16 abril, 2025

Mario Vargas Llosa II

Los escritores, en general, son seres heridos por algo extraordinario o profundo en algún momento o en largos tramos de su vida.

No es un hecho común ni generalizado, tampoco una constante que los abarque a todos, pero el escritor que busca la médula de las palabras y trabaja cara a cara con el lenguaje, suele llevar cicatrices en el cuerpo y heridas en el alma.

A Mario Vargas Llosa, quien murió el domingo pasado en Madrid, le ocurrieron varios accidentes vitales en su infancia, que lo marcaron y en cierto modo determinaron su vocación y su pasión por las letras.

Enviado al Liceo a muy temprana edad, donde estuvo internado, se enfrentó a la versión familiar de que su padre ya no vivía; luego, a la versión de que sí vivía y, finalmente, tras conocerlo, a la realidad de que era un tipo rudo, amargado, autoritario: un ogro.

La fatalidad no es ley de vida ni condición obligada del escritor, sea poeta, ensayista, narrador o dramaturgo, pues, como bien escribió el poeta mexicano Julio Trujillo, recientemente fallecido en Gran Bretaña: “Se puede ser poeta y ser feliz”.

Alfonso Reyes, Octavio Paz, Juan Rulfo, José Emilio Pacheco y Gustavo Sáinz también tuvieron lo suyo en materia de tragos amargos y sinsabores. Desde luego que sí. Pero no se crea que la calamidad es el signo marchito de los escritores: por lo menos, no de todos.

A Mario Vargas Llosa lo marcó la condición del padre ausente, después la de que en presencia no era un padre tierno y amoroso, sino un ogro intratable; simultáneamente, lo marcó también la herida de soledad -¿o de abandono?- en el Liceo de Lima.

Joven aún, escribió un cuento para un concurso en París, con el que obtuvo el Premio de Cuento de Radio Francia Internacional.

De las vivencias en el Liceo pergeñó, con maestría para su edad y gran sentido del humor, la novela La ciudad y los perros, con la cual conquistó un manojo importante de premios.

En su obra figuran libros de cuentos de gran maestría narrativa como Los cachorros, Los jefes y Los cuentos del Decamerón, con los que obtuvo premios de prestigio internacional en Latinoamérica y en Europa.
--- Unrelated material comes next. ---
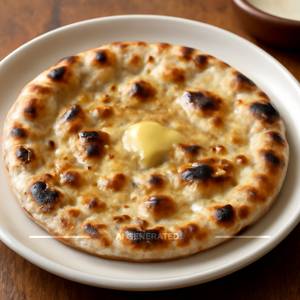 Butter Tandoori Roti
El hablador es una novela en la que su autor se proyecta como lo que es: un palabrólogo de gran intensidad verbal, un sujeto poseído por los significados y el sonido de la lengua, un incontinente imaginativo y lingüístico, un manantial de verbos y sustantivos.

Cuando Octavio Paz escribió un texto para el “Encuentro por la Libertad”, en Perú, del que Mario Vargas Llosa era el intelectual convocante, dijo que saludaba en él al “pensador político, al combatiente por la libertad…”, y a “la rara síntesis de la imaginación literaria y la moral pública”.

Y así como es de celebrarse (sé que para algunos no) la crítica ideológica e intelectual que hizo Vargas Llosa del marxismo y el castro-chavismo, también es digno de recordarse su sentido del humor.

A mí todavía me divierte, y enormemente, su ensayo literario ¡Abajo la Ley de Gravedad!, en el que describe al padre Ibiapina, un profeta rural y radical de principios del siglo XX en Brasil, encabezando a un grupo de sublevados contra la modernidad, bajo el grito: “¡Muera el sistema métrico decimal!”.

En un evento, alguien, confundiéndolo con García Márquez, lo felicitó con grandes aspavientos y reverencias, porque, según dijo, era para él un honor saludar al autor de “Cien años de soledad”, un libro que le había cambiado la vida. Vargas Llosa rio efusivamente por la anécdota aquella noche, y seguramente siguió riendo al recordaba muchos años después.

Aprender a reír, y a ser feliz, es parte sustantiva del oficio de aprender a vivir.


Pisapapeles

No se puede recomendar la lectura de un sólo libro de Mario Vargas Llosa, porque lo recomendable es recomendar la lectura de todos ellos, comenzando por La fiesta del Chivo.